Knowledge mapping may involve developing an ontology, conducting social network analysis, executing a survey, engaging a group of people in sensemaking, action research or ethnography.

The process of making the knowledge map is as important as the final product because its impossible to create a single map which will meet the needs of every situation. Agreement is required by decision-makers regarding the purpose of the knowledge mapping exercise and a map or maps created to meet those objectives.

A key distinction

Knowledge mapping is data gathering, survey, exploring, discovery, conversation, disagreement, gap analysis, education and synthesis. It aims to track the loss and acquisition of information & knowledge, personal and group competencies and proficiencies, show knowledge flows, appreciate the influence on intellectual capital due to staff loss, assist with team selection and technology matching.

Contrast this with a knowledge audit which tracks deviations from policy or established process, checks for compliance with standards and procedures, seeks to measure and value knowledge assets and marketable intangibles.

Knowledge audits
A knowledge audit focusses on finding, itemizing and putting values to knowledge assets and checking compliance with approved processes. The key activity is determining the worth and market value of intellectual property and capital and spotting policy and practice deviations. Mostly this activity is concerned with portfolio management and tangible (hard) assets.

"A knowledge audit covers, legal and security (protection) issues, ownership, market value, portfolio dynamics and synergies, potential for realising capital gains and enhancing revenue streams. The k. audit looks at conformance and compliance, concentrates on objects which are marketable or nearly so, rather than the enviroment for new knowledge creation. Every audit attempts to locate, measure and evaluate assets with some potential market value and checks for deviations from accepted processes."

Finding deviations

KM audit takes place after your organizational knowledge policies and processes are put in place and practices have been established. The audit meaures how faithfully the organization is following these authorized practices, lists departures, suggests revisions, controls and reviews to bring things back in-line.

Using audits vs. mapping
KM mapping is often done at the start of a major project to collect baseline data, although I think mapping is useful as an on-going exercise. The emphasis is on exploration, discovery and opportunity finding.

Knowledge audits are scheduled to value intangibles (intellectual property, social and intellectual capital) and mostly are done on an annual basis, before mergers and acquistions and as part of 'accounting' reviews or strategic due diligence exercises.

What exactly is a knowledge map?

A knowledge map portrays a perspective of the players, sources, flows, constraints and sinks of knowledge within an organization. It is a navigation aid to both explicit (codified) information and tacit knowledge, showing the importance and the relationships between knowledge stores and the dynamics.

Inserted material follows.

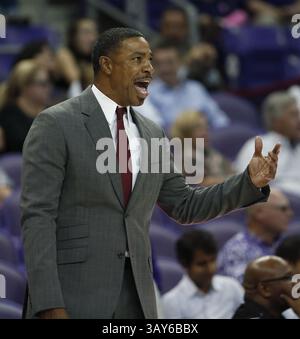 14. November 2016: Fort Worth, TX, USA – Alabama State Head Coach Lewis Jackson in der ersten Halbzeit während eines Spiels gegen TCU am Montag, den 14. November 2016 in Fort Worth, Texas. (Bild: © Paul Moseley/TNS via ZUMA Wire) Stockfoto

The final 'map' can take multiple forms, from a pictorial display to yellowpages directory, to linked topic or concept map, to inventory lists or a matrix of assets against key business processes.

Rationale, or why should I bother to map knowledge?

  • to find key sources, opportunities and constraints to knowledge creation and flows.
  • to encourage re-use and prevent re-invention, saving search time and acquisition costs
  • to highlight islands of expertise and suggest ways to build bridges to increase knowledge sharing and exchange
  • to discover effective and emergent communities of practice where informal learning is happening
  • to provide baseline data for measuring progress with KM projects and justifying expenditures
  • to reduce the burden on experts by helping staff to find critical solutions & information quickly
  • to improve customer response, decision making and problem solving by providing access to applicable information, internal and external experts
  • to highlight opportunities for learning and leverage of knowledge through distinguishing the unique meaning of 'knowledge' within that organization
  • to provide an inventory and evaluation of intellectual and intangible assets and assess competitive advantage
  • to supply research for designing a knowledge architecture, making key strategic choices, selecting suitable software or a building corporate memory
  • to garner support for new knowledge initiatives designed to improve the knowledge assets.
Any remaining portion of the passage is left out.